What to produce: Take the lines from the one containing "Thắng áp đảo" through the end of the material and write them out exactly, omitting pictures.
___ Input records
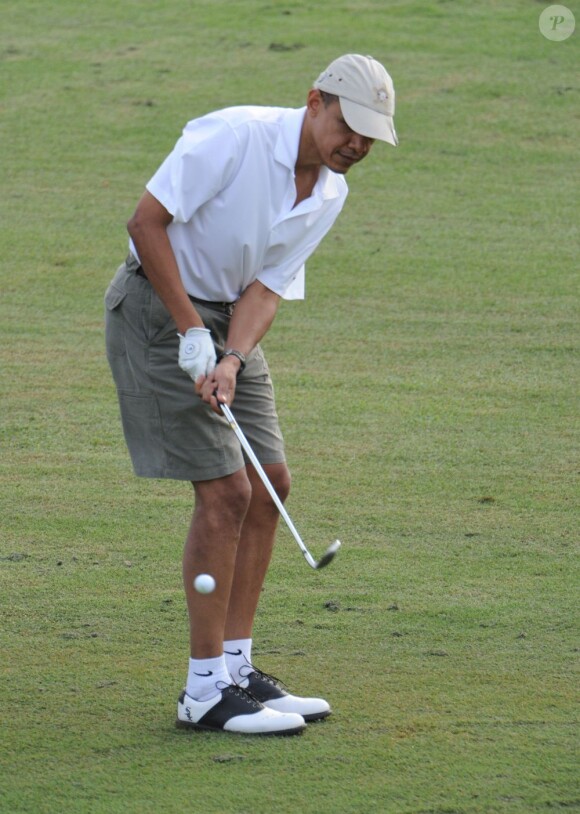 Barack Obama lors d'une partie de golf au Mid-Pacific Country Club de Kailua, à Hawaï le 28 décembre 2010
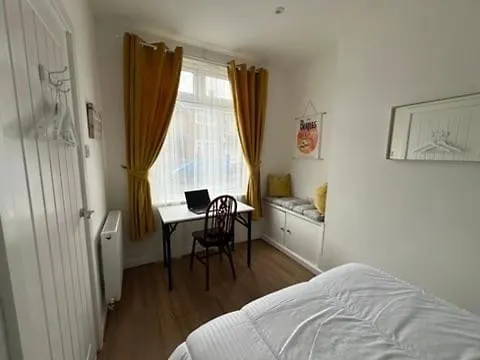 Windsor House Liverpool 3 Bed 2 Bath Free Parking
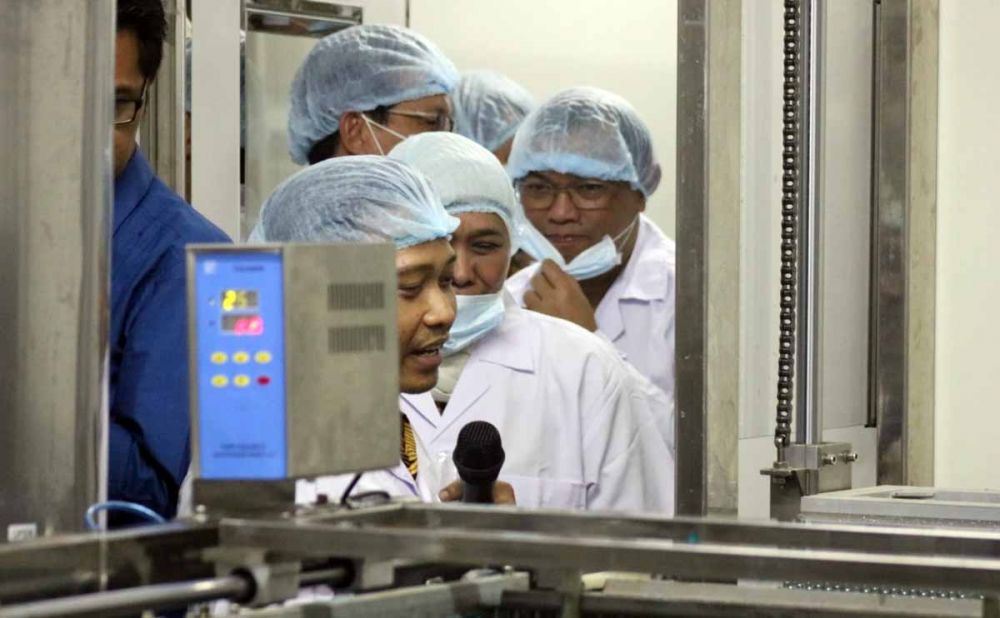 Gubernur Khofifah saat melihat produksi cangkang kapsul berbasis rumput laut di Unair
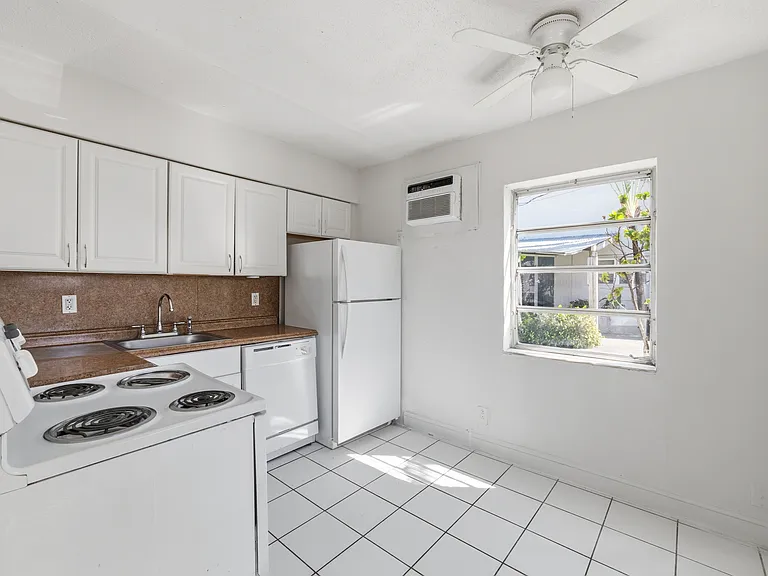 kitchen with eat in area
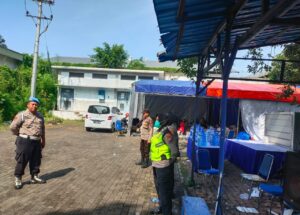 Bersama Bawaslu, Polres Jember Jaga Ketat Proses Pelipatan dan Sortir Surat Suara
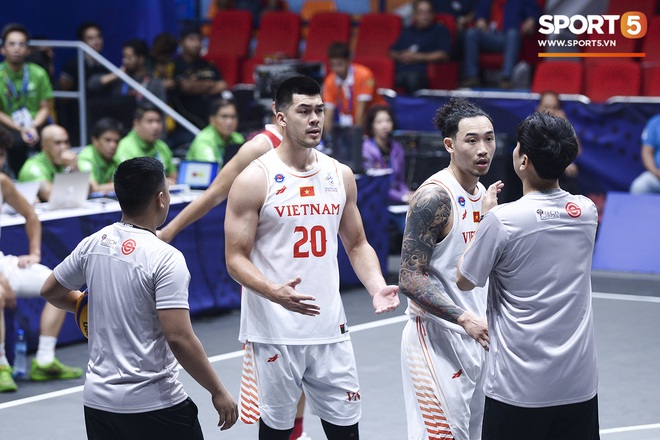 Thắng áp đảo Indonesia, bóng rổ Việt Nam đứng trước cơ hội làm nên lịch sử tại SEA Games - Ảnh 3.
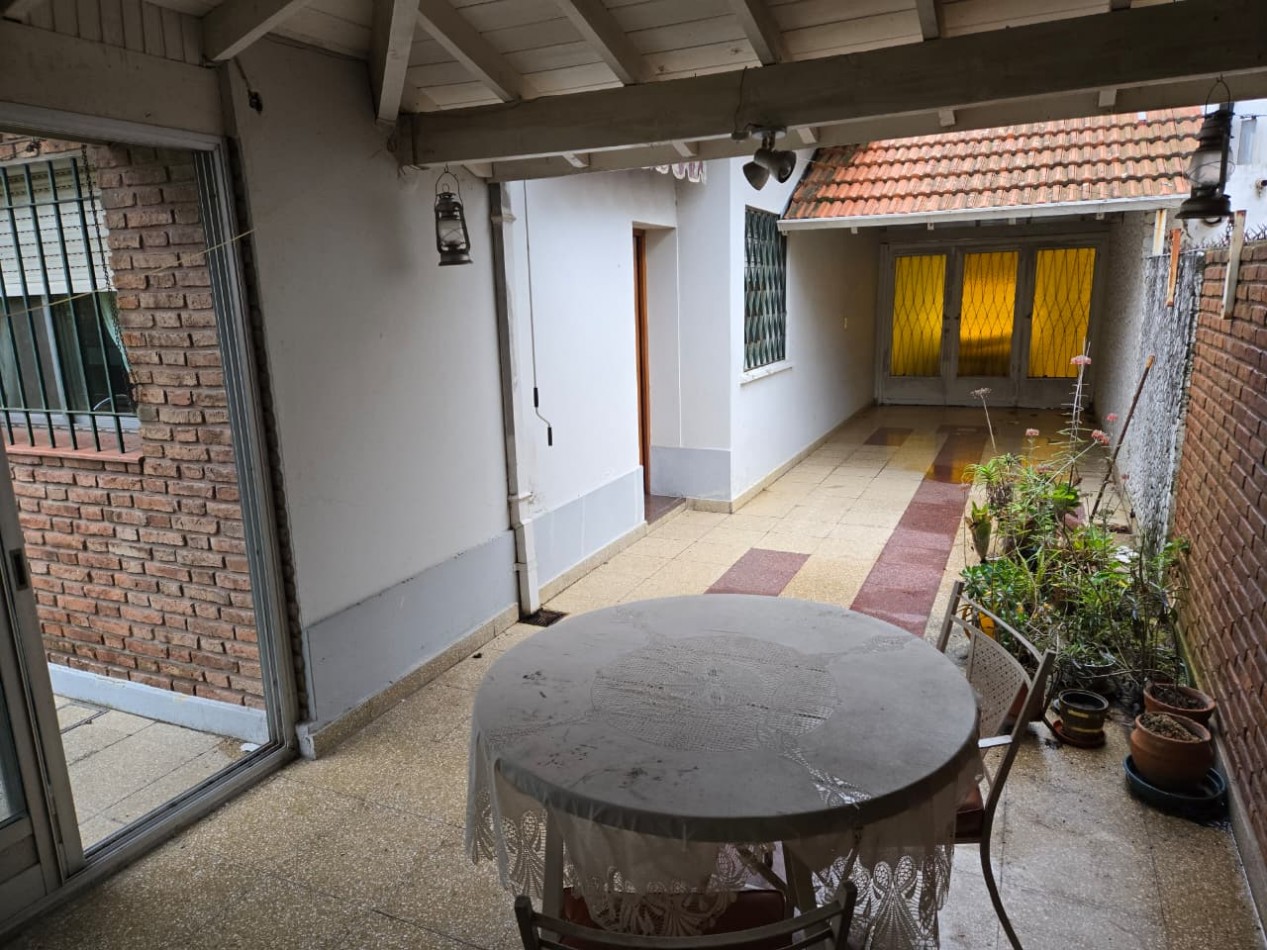 Casa en venta en Barrio Las Carreras, San Isidro 3 dormitorios, jardin, quincho y cochera para 3 autos.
______
Answer to this task:
 Thắng áp đảo Indonesia, bóng rổ Việt Nam đứng trước cơ hội làm nên lịch sử tại SEA Games - Ảnh 3.
 Casa en venta en Barrio Las Carreras, San Isidro 3 dormitorios, jardin, quincho y cochera para 3 autos.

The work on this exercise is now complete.